(Stored entries)
□ □ □
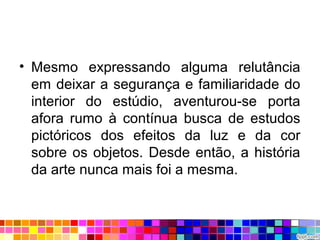 • Mesmo expressando alguma relutância
em deixar a segurança e familiaridade do
interior do estúdio, aventurou-se porta
afora rumo à contínua busca de estudos
pictóricos dos efeitos da luz e da cor
sobre os objetos. Desde então, a história
da arte nunca mais foi a mesma.
 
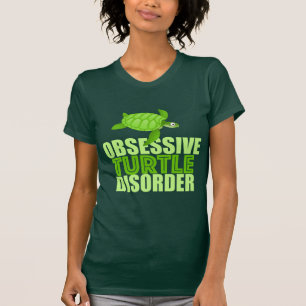 Funny Obsessive Turtle Disorder T-Shirt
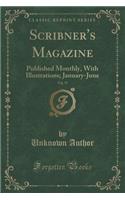 Scribner's Magazine, Vol. 71: Published Monthly, with Illustrations; January-June (Classic Reprint)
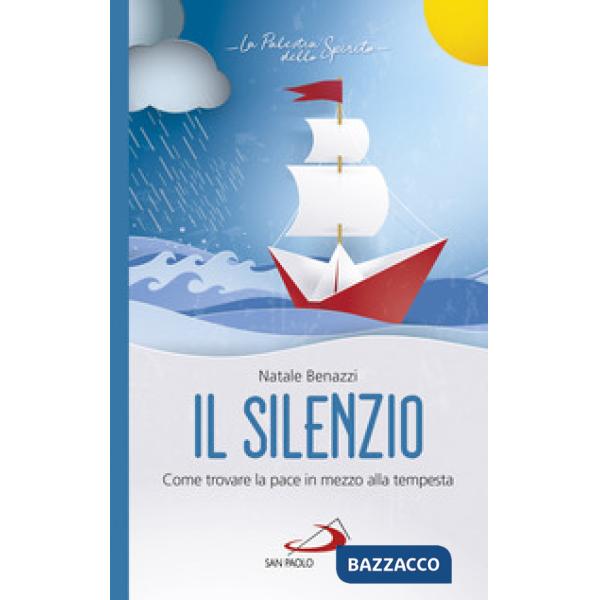 Silenzio. Come trovare la pace in mezzo alla tempesta (Il)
□ □ □
● TASK DESCRIPTION
Print the records again exactly, pictures excluded.

● ANSWER FOR THIS EXERCISE
 • Mesmo expressando alguma relutância
em deixar a segurança e familiaridade do
interior do estúdio, aventurou-se porta
afora rumo à contínua busca de estudos
pictóricos dos efeitos da luz e da cor
sobre os objetos. Desde então, a história
da arte nunca mais foi a mesma.
 
 Funny Obsessive Turtle Disorder T-Shirt
 Scribner's Magazine, Vol. 71: Published Monthly, with Illustrations; January-June (Classic Reprint)
 Silenzio. Come trovare la pace in mezzo alla tempesta (Il)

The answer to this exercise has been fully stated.